To do.
Using the records below, transcribe word for word the stretch from the line that contains "Toyota CROWN SEDAN 2011-01 8524182-3" through the line that contains "В Сестрорецке сотрудники", both end lines included, and nothing else.

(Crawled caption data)
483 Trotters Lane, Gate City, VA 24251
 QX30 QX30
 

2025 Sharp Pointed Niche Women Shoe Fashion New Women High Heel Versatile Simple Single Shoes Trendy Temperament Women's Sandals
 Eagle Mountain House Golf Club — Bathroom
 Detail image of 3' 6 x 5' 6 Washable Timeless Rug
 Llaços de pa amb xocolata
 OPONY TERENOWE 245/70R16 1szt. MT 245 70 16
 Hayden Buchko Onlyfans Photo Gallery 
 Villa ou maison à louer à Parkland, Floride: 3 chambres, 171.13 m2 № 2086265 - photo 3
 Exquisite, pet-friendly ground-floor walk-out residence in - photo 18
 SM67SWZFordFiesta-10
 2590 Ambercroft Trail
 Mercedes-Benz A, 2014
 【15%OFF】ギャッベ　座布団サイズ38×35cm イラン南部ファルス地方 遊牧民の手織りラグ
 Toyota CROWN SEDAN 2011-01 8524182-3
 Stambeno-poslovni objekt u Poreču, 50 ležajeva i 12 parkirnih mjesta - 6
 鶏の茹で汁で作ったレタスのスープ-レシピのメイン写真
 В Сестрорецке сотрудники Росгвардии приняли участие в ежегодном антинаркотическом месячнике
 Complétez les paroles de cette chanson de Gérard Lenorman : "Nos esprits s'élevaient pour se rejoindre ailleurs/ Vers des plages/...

Exercise response.
 Toyota CROWN SEDAN 2011-01 8524182-3
 Stambeno-poslovni objekt u Poreču, 50 ležajeva i 12 parkirnih mjesta - 6
 鶏の茹で汁で作ったレタスのスープ-レシピのメイン写真
 В Сестрорецке сотрудники Росгвардии приняли участие в ежегодном антинаркотическом месячнике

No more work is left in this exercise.